Registered: 08/31/11
Posts: 1113
Loc: Alaska
Originally Posted By: dougwalkabout
Glad to see more detailed information (and hopefully less frothing at the mouth).
Amen to that doug.

People need to remember the distinction between "could have" and "should have". The first is a simple observation. The second is a value judgement. Different people can make very different value judgements.

Yes, he "could have" had a "Plan B" and carried a PLB, and that "might have" made a big difference. Or then again maybe it might not have helped. What if when the bear "....damaged some of his equipment and stole his food bag" it also damaged his PLB? Maybe he "should have" had a Plan C, and carried a sat phone as a back up? But wait, a sat phone, like any electronic device, can fail when you need it most. So maybe he "should have" also had a Plan D as a back up to his back up, and also carried a spot?

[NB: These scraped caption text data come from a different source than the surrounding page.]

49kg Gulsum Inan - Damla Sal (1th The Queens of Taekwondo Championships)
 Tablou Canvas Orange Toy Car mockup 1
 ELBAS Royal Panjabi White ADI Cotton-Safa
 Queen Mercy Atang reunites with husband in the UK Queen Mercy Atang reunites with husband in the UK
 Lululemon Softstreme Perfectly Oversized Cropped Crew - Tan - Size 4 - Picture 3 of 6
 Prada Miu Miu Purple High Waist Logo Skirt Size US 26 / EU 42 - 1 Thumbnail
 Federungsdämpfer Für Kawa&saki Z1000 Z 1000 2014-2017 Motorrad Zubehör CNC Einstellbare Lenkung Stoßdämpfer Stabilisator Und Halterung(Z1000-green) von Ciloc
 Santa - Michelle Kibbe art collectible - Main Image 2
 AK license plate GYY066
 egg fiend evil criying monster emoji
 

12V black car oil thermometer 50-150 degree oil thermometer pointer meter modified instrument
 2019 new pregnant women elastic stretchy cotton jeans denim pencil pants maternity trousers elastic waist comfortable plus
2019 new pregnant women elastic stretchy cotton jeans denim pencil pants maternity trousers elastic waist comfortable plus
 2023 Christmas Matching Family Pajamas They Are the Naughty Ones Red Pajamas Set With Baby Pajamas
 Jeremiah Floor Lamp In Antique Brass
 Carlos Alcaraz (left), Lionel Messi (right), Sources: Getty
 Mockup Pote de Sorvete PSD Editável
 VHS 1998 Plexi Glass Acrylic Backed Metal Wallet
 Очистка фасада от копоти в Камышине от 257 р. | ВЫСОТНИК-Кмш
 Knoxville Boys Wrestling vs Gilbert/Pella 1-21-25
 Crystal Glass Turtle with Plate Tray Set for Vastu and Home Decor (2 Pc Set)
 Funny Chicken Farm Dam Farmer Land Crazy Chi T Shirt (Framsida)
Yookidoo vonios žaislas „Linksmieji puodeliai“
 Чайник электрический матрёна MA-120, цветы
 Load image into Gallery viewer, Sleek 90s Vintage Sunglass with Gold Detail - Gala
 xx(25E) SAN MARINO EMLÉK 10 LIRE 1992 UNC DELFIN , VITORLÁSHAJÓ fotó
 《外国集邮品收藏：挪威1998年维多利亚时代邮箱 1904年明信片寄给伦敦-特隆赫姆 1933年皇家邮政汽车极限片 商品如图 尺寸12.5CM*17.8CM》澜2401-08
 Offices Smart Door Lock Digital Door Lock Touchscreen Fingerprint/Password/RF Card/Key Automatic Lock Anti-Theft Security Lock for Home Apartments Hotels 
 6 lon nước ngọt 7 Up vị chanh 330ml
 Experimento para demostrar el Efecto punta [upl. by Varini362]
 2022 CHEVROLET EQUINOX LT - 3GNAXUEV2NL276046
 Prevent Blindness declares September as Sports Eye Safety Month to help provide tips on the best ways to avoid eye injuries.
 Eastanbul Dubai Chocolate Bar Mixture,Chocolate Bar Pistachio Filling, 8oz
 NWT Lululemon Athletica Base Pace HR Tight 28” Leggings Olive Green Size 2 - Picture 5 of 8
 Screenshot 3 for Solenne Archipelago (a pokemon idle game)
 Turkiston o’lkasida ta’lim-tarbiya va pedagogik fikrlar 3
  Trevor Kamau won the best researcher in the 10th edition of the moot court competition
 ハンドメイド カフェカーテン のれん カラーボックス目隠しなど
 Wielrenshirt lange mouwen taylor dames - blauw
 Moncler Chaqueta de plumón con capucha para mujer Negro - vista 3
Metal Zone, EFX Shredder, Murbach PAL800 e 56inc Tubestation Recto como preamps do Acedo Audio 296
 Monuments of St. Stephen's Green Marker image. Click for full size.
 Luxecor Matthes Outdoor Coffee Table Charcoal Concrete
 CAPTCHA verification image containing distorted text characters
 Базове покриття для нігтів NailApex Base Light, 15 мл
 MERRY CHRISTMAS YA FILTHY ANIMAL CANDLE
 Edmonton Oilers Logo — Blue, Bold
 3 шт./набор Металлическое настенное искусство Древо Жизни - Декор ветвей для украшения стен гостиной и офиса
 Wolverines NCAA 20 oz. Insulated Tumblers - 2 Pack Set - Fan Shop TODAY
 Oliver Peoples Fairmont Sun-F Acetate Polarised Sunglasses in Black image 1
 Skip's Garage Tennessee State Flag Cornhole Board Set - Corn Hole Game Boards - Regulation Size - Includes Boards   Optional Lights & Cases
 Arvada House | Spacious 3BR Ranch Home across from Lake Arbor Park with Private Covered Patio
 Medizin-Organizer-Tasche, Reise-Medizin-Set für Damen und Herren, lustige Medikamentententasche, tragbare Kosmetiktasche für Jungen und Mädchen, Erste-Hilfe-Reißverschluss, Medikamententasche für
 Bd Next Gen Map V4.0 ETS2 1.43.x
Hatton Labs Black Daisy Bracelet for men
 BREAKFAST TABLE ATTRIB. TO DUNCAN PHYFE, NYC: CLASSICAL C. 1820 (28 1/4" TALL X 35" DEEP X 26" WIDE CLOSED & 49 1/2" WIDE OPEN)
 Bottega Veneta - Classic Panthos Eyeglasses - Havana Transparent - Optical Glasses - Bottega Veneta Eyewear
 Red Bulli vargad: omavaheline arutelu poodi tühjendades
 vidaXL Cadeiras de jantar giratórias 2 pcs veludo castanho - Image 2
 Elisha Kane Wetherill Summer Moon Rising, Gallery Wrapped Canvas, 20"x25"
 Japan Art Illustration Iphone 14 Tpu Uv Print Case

Or maybe he "should (not) have" attemped such a trip with only a dog as his only companion? I can point to lots of books by armchair experts that say you always "should" go in a party of 4. That way if someone gets hurt, one can stay with the injured guy and two (for safety) can go for help.

Or maybe he just "should have" not done the trip at all? Instead he "should have" just layed in a good supply of beer and chips and dog biscuits, and stayed on his couch watching Bear Grylls on TV, with his dog curled up at his feet?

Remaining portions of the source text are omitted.